Atualmente, Vorcaro está preso preventivamente em uma unidade da Polícia Federal no Distrito Federal. A permanência no local foi autorizada anteriormente para facilitar reuniões com advogados durante as negociações de um possível acordo de colaboração premiada. Entretanto, o cenário mudou depois que a PF rejeitou pela segunda vez uma proposta de delação apresentada pela defesa.
Com a nova negativa, investigadores passaram a defender que o empresário retorne ao sistema prisional comum. A avaliação da corporação é de que as informações fornecidas até agora não trouxeram elementos inéditos capazes de justificar os benefícios previstos em um acordo de colaboração. Parte significativa dos dados já teria sido obtida por outros meios durante a investigação.

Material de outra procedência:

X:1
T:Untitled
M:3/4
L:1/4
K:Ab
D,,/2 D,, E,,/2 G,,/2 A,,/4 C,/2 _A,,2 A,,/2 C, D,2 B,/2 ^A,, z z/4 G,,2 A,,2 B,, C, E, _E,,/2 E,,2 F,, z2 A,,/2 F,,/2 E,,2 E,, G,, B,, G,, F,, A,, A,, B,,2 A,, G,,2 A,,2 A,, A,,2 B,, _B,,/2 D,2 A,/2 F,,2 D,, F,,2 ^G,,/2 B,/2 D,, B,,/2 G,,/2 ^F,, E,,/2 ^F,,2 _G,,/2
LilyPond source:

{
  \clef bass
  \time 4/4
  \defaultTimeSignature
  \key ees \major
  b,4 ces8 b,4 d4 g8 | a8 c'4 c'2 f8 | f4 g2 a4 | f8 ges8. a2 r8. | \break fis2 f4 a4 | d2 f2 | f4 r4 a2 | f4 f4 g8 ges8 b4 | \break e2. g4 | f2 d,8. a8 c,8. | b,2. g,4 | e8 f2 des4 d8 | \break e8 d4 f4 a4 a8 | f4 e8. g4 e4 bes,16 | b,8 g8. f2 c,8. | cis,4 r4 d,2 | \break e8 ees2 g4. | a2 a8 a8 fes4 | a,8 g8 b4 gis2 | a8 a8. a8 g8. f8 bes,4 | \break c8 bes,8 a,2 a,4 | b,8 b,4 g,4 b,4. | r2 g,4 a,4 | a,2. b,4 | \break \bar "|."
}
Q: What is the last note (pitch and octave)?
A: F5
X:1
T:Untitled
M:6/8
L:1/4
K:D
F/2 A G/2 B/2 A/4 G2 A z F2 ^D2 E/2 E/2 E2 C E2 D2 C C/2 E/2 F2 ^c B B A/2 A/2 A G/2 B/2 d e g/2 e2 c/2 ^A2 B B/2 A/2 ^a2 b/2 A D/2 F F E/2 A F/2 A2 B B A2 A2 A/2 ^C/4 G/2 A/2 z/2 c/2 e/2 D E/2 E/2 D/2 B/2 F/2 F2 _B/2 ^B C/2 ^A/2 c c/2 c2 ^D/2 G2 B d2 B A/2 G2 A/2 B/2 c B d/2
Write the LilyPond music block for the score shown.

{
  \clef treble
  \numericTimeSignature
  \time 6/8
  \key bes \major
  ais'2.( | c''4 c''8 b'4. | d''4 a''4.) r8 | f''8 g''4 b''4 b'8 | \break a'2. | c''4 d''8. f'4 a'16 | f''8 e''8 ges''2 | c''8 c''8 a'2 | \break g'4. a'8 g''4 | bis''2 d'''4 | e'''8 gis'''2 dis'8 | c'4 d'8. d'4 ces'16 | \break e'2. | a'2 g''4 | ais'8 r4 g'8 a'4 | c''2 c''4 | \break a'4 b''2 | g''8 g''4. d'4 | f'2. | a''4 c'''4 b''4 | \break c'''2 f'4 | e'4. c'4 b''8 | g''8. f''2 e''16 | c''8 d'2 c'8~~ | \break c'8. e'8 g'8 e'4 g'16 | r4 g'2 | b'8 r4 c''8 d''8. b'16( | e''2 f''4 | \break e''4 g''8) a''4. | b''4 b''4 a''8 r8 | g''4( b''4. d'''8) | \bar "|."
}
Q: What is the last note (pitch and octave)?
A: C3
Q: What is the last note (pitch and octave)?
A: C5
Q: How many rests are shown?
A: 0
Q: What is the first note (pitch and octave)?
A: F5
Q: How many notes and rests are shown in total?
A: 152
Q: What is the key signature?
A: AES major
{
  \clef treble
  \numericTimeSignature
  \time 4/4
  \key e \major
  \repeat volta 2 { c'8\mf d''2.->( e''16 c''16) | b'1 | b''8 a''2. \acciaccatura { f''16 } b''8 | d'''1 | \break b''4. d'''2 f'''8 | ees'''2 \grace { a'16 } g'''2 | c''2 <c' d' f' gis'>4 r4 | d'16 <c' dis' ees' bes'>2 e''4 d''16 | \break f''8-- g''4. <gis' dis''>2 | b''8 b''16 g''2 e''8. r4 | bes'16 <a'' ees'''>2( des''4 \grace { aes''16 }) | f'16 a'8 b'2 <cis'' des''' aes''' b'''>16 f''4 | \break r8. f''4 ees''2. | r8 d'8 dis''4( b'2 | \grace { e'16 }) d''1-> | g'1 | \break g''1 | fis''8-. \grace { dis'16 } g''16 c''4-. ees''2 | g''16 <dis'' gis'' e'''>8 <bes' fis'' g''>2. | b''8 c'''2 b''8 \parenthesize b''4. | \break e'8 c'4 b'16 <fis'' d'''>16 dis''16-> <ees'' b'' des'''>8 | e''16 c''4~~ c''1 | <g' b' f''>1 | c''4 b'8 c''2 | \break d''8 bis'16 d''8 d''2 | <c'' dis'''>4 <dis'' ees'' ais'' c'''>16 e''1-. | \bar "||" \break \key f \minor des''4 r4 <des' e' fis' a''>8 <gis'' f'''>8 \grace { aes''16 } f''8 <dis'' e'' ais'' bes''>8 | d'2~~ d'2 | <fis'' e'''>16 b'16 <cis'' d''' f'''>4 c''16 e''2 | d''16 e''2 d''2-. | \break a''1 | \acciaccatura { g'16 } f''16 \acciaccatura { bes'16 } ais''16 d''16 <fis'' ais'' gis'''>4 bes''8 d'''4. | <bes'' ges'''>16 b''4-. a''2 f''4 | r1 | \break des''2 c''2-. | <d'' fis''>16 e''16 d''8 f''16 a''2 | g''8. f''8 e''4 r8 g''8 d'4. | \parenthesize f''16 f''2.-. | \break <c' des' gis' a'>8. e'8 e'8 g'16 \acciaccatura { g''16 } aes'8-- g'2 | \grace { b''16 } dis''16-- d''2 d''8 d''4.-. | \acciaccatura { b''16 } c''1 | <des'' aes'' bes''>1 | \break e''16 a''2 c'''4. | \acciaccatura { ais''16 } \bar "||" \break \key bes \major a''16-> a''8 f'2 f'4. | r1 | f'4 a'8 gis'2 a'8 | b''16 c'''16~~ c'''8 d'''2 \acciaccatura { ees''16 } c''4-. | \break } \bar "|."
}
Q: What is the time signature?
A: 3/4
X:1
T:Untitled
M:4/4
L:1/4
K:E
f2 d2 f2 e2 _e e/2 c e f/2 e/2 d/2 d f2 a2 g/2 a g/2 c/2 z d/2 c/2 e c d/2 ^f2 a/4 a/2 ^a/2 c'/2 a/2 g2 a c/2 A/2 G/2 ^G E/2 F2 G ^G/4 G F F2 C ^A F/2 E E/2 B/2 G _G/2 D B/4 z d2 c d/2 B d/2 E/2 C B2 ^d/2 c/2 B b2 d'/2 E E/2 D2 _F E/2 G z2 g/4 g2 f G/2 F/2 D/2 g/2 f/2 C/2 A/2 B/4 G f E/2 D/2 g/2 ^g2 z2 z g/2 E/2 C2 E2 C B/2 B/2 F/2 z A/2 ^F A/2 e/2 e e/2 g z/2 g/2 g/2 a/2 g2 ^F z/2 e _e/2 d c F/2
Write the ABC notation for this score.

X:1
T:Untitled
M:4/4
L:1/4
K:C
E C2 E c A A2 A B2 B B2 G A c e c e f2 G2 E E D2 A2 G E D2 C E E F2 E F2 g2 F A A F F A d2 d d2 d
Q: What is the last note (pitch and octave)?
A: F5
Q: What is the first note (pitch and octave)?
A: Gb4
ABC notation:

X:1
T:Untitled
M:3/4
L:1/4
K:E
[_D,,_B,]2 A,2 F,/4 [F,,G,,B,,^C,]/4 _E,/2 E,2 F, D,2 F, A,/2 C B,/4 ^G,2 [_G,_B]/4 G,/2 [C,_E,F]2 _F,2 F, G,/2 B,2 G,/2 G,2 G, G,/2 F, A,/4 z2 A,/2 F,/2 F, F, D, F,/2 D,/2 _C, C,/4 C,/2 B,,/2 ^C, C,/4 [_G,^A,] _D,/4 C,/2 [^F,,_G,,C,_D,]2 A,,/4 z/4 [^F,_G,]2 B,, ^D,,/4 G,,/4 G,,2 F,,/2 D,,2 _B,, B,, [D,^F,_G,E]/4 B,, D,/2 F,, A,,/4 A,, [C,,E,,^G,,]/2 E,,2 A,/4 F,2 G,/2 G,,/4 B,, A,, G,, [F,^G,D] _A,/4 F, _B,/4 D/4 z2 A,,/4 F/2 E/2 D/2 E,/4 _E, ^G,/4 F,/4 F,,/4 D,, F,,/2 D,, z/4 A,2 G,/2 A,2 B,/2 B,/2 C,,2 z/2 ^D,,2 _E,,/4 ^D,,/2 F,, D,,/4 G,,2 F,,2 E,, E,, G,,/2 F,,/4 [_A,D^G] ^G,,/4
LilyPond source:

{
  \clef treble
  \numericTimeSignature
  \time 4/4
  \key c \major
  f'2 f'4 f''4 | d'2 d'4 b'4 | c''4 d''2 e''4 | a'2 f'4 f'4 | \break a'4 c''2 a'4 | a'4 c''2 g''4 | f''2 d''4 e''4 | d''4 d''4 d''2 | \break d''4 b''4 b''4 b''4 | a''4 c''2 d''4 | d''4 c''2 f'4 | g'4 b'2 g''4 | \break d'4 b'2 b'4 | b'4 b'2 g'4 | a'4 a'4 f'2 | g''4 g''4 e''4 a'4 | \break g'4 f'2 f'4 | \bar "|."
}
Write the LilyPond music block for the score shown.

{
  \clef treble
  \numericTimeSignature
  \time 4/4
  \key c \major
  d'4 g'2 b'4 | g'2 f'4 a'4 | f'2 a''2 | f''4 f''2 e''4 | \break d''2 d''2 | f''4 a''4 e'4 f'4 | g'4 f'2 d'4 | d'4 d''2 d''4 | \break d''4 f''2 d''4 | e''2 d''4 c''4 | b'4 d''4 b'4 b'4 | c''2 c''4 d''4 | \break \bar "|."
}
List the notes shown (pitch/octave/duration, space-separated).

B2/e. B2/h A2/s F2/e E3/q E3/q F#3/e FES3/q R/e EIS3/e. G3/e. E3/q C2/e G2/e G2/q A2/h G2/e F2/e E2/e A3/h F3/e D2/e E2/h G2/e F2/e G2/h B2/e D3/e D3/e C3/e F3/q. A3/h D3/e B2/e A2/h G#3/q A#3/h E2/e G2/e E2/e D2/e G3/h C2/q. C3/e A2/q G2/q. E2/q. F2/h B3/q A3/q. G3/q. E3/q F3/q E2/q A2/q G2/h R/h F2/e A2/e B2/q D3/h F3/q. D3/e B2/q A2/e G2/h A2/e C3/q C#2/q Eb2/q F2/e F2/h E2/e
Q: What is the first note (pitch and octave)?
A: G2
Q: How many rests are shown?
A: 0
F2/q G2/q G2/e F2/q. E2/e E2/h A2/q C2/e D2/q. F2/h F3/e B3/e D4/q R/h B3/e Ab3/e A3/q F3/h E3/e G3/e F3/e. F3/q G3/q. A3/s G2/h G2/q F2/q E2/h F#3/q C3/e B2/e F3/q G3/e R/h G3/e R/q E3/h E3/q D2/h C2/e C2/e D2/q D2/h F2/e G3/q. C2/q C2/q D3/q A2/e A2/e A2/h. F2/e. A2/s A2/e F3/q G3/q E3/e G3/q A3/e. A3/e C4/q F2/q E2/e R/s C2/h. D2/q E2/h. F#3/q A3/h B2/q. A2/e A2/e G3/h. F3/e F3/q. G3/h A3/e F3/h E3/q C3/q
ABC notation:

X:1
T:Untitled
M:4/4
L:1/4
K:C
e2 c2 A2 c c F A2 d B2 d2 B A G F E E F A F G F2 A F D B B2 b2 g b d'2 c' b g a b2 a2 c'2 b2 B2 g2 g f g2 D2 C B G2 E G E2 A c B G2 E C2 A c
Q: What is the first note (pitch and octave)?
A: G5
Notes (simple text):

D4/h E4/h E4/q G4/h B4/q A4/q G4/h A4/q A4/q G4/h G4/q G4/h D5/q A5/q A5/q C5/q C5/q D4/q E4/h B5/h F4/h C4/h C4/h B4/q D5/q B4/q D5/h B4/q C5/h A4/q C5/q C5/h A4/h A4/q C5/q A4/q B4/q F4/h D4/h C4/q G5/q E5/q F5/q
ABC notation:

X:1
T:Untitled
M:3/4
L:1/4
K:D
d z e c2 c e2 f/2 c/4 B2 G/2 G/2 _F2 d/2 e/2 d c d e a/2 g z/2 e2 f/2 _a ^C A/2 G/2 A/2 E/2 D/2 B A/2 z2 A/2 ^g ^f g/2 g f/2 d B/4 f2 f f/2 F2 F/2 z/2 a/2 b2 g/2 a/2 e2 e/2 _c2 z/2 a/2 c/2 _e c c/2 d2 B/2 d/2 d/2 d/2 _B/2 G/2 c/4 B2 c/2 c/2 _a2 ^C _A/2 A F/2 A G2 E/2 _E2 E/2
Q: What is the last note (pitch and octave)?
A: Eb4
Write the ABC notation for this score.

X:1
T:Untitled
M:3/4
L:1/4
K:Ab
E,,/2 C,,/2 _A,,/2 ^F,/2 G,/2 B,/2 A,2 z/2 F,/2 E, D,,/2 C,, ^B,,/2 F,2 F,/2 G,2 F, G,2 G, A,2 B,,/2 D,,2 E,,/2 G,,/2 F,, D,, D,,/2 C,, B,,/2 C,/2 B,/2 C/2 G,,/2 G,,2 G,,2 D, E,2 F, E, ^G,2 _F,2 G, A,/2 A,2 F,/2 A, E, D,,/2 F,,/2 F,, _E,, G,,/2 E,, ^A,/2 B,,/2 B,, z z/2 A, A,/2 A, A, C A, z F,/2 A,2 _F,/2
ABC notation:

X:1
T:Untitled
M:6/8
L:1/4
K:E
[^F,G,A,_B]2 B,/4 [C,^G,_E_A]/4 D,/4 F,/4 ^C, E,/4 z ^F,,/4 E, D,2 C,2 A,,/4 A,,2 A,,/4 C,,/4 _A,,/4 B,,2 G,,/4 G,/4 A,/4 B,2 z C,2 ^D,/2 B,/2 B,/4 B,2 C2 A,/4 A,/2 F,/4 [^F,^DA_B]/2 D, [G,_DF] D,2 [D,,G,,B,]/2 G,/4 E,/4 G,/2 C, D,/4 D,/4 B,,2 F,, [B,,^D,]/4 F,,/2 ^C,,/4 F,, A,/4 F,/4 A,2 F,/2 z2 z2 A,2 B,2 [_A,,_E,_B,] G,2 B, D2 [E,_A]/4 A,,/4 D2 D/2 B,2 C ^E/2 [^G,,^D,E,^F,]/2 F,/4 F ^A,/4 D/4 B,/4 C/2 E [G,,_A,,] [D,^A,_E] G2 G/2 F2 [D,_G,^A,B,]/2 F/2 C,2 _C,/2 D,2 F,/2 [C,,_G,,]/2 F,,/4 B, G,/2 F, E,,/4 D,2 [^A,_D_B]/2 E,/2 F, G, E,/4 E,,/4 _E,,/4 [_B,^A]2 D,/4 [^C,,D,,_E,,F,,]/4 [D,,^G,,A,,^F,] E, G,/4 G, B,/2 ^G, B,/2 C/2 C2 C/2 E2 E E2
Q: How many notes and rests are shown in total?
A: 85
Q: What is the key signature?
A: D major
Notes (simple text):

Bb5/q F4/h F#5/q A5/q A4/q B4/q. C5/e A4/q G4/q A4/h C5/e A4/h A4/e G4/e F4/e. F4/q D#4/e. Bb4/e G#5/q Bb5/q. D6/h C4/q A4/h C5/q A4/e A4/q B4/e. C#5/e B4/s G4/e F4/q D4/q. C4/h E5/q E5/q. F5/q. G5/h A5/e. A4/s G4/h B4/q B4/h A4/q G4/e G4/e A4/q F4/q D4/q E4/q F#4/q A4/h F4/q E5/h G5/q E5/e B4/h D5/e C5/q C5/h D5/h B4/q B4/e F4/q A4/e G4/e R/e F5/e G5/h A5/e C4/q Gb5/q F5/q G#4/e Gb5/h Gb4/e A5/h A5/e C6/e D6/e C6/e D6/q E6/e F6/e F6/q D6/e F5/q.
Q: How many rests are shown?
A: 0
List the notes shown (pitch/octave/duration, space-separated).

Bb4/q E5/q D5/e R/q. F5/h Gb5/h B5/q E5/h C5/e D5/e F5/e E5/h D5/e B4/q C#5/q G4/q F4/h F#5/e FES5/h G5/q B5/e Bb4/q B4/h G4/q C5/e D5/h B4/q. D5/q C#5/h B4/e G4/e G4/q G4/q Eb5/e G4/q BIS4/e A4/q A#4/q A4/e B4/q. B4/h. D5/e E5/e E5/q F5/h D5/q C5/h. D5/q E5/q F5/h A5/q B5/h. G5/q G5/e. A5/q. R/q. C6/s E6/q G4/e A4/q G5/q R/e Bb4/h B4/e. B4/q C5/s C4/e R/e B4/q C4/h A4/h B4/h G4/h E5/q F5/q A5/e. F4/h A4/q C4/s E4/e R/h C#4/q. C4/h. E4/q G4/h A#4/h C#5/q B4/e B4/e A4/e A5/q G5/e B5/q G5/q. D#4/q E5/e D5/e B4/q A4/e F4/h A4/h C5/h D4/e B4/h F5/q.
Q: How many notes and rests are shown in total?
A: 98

Apesar da posição da Polícia Federal, as negociações ainda não foram formalmente encerradas. A PGR continua analisando o material apresentado pela defesa e poderá decidir se mantém aberta a possibilidade de novas tratativas ou se acompanha o entendimento da PF. Enquanto não houver uma manifestação definitiva do Ministério Público Federal, a situação processual de Vorcaro permanece indefinida.
Nos bastidores do caso, fontes ligadas à investigação apontam que André Mendonça não pretende conduzir diretamente as negociações de uma eventual colaboração premiada. O ministro deverá atuar apenas na fase de homologação, caso PF ou PGR considerem viável um acordo. A postura reforça a tendência de que os órgãos de investigação tenham papel decisivo sobre os próximos passos do processo.
A possibilidade de transferência para a Papuda ganhou força à medida que diminuíram as chances de concessão de benefícios ao investigado. Em etapas anteriores das negociações, chegou a ser cogitada a hipótese de flexibilização da prisão caso a colaboração apresentasse informações consideradas relevantes para o avanço das apurações. Esse cenário, porém, perdeu espaço após as sucessivas rejeições das propostas apresentadas.
Vorcaro é investigado por supostas fraudes financeiras relacionadas ao Banco Master, caso que mobiliza Polícia Federal, Ministério Público Federal e Supremo Tribunal Federal. A decisão sobre sua transferência poderá sinalizar também o rumo das negociações envolvendo uma eventual delação premiada, tema que segue em análise pelas autoridades responsáveis pelo caso.